Chul Chung: Biden, and Global Trade Architecture
2020-12-14 IMIThis article appeared in KIEP Opinions on December 10, 2020.
Chul Chung, Ph.D., Senior Research Fellow, International Trade Department Korea Institute for International Economic Policy.
Following the 2020 United States presidential election, economists have high hopes for the president-elect, Mr. Joseph Biden, and for the next US administration. The hopes are especially for the potential changes in the global trade architecture. Over the past four years the Trump administration dismayed and created confusion in the world economic order and multilateral trading system (MTS).
Mr. Biden’s policies are bundled under the slogan, “Build Back Better.” Over 7.3 trillion dollars are to be spent on initiatives such as green infrastructure including the creation of clean-energy jobs, and in the area of housing, education and health care. The first order of these initiatives is centered on the US domestic economy such as recovery from the COVID- 19 pandemic and an economic recovery plan for working families. At the same time, however, Mr. Biden has emphasized working with allies to create a rules-based system and rebuild US leadership on the global stage. As Biden has declared, “America is back and ready to lead the world.”
There are quite a few outstanding issues in the global agenda. Other than the COVID-19 pandemic and its consequences on the world economy, global issues that call for urgent attention are climate change and the multilateral trading system. Mr. Biden vows to rejoin the Paris Agreement on his first day of office in the White House.

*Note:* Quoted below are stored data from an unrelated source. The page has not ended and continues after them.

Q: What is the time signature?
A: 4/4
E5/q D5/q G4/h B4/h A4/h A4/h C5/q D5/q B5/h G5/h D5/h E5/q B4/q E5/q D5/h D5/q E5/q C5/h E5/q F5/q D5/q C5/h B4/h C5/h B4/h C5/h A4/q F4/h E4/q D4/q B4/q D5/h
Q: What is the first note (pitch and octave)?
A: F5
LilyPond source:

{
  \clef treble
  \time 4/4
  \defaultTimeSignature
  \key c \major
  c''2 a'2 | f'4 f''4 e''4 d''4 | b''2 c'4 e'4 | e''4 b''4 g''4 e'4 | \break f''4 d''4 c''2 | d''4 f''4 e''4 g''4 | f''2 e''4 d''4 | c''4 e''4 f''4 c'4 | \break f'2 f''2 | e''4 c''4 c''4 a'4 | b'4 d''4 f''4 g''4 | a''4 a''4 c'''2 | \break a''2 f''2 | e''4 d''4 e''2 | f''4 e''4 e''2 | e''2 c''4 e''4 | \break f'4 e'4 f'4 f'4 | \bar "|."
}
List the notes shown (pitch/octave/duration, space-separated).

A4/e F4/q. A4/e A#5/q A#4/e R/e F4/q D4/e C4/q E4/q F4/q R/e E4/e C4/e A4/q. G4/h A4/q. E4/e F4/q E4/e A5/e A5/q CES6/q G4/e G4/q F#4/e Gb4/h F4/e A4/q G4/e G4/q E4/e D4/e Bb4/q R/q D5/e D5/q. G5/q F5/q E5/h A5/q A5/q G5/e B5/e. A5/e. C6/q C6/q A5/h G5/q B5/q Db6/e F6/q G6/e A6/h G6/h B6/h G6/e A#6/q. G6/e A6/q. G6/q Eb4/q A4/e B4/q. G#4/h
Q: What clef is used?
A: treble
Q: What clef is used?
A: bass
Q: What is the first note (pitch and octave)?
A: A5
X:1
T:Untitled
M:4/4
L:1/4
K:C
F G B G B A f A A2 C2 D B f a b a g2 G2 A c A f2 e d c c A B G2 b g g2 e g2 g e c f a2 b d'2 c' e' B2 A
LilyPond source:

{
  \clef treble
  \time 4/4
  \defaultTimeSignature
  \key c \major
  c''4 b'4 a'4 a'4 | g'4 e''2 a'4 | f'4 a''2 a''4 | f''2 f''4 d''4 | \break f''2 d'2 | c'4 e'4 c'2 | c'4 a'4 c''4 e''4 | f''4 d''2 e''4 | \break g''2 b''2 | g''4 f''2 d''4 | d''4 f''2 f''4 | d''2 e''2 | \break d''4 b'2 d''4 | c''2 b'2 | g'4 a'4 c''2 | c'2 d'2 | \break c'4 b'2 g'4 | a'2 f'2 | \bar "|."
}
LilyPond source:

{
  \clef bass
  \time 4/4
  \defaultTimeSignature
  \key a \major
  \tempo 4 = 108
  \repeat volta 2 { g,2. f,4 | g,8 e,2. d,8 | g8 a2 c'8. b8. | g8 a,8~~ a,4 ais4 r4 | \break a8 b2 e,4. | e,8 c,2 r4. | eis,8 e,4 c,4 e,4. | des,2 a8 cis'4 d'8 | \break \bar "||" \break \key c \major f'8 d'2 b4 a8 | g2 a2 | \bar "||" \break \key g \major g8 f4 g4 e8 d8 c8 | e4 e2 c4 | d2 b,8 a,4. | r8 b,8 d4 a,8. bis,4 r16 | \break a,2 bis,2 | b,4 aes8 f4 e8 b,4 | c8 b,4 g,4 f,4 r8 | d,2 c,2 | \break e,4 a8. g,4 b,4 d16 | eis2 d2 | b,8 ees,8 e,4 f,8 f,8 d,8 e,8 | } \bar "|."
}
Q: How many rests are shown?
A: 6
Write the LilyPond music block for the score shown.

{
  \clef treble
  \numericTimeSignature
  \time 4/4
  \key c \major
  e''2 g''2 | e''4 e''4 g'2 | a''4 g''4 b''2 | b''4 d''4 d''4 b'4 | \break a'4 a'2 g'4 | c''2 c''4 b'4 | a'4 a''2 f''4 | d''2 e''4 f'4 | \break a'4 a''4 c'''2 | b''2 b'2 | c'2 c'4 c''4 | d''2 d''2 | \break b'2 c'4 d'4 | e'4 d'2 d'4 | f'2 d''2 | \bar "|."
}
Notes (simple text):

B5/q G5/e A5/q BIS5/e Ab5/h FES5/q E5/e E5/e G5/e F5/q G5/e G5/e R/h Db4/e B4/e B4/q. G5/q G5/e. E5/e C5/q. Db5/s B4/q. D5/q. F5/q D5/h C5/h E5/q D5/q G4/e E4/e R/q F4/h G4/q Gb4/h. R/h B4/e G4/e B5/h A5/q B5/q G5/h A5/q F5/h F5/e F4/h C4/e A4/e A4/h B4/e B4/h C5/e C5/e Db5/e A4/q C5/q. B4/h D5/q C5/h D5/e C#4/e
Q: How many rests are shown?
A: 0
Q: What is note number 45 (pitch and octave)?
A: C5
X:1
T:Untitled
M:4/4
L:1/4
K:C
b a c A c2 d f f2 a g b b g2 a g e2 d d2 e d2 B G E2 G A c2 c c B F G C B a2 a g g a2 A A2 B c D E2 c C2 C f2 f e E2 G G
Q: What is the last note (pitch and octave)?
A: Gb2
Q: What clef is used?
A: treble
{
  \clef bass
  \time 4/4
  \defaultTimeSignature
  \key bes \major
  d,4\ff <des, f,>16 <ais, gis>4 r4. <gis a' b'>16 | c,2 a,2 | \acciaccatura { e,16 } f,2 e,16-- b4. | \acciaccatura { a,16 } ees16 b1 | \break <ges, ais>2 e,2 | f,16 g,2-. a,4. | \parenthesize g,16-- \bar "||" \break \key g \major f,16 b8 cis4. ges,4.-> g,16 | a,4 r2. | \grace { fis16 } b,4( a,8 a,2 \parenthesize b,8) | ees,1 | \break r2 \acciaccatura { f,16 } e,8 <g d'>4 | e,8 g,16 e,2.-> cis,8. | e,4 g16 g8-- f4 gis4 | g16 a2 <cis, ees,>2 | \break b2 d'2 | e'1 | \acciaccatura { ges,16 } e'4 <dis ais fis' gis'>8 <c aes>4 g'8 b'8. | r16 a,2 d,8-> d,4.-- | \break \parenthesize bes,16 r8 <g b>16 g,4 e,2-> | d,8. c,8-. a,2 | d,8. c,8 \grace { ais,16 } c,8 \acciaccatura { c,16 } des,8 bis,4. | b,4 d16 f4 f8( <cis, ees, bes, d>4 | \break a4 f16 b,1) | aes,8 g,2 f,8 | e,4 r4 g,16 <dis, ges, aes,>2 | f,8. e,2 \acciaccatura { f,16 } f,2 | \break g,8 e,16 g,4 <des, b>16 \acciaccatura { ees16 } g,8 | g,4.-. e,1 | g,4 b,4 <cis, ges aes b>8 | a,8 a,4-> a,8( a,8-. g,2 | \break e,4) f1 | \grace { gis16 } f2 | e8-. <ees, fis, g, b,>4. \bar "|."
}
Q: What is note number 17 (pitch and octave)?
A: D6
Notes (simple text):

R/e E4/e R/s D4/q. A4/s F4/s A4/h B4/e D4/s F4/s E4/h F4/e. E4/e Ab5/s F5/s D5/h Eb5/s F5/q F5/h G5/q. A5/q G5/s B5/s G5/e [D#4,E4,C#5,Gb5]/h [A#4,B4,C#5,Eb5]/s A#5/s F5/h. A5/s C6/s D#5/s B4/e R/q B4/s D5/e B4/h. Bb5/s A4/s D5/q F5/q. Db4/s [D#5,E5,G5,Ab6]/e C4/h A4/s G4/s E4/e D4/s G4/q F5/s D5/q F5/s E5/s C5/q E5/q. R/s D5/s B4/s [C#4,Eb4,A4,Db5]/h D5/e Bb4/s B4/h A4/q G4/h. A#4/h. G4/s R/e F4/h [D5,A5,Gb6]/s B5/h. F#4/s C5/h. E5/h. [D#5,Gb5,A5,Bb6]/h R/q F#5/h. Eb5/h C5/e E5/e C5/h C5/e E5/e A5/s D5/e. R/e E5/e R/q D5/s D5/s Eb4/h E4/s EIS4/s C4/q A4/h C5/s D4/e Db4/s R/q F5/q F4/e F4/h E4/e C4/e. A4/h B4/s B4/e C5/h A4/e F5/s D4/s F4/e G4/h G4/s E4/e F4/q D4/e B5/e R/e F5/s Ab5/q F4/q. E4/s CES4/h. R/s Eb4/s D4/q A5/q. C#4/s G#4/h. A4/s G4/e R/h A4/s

During the election, Biden promised that the next US administration is committed to fighting climate change, reducing carbon footprint, and pursuing clean energy revolution. It has not been crystal clear, however, how he will tackle many outstanding issues concerning the MTS.
The multilateral trading system operated mainly by the World Trade Organization (WTO) is in crisis. Most outstanding issues currently facing the WTO include failure in trade negotiations and malfunction of the dispute settlement system, among others. The Doha Development Agenda (DDA) is the WTO’s first and ambitious trade negotiation round, which began in 2001. Despite several efforts to conclude the Doha round, negotiations were put to an end without reaching an agreement, that is, a de facto failure of the DDA. Meanwhile, the Appellate Body (AB) of the dispute settlement system is defunct without a judge in the appeals body. Starting from the Obama administration’s veto to reappointment of a South Korean AB member, the Trump administration has blocked further appointments of new judges. One of the reasons for the United States opposing the appointment of AB members is the “judicial overreach” issue. As a result, the AB has lacked a quorum to deliver decisions since December 2019, and now all seven seats are vacant with the last judge’s exit on November 30, 2020. What is worse, the post of WTO Director-General, who is supposed to play a crucial role for the most needed reform and reinvigoration of the WTO, has stood vacant since August 31, 2020, after Roberto Azevêdo resigned from the position.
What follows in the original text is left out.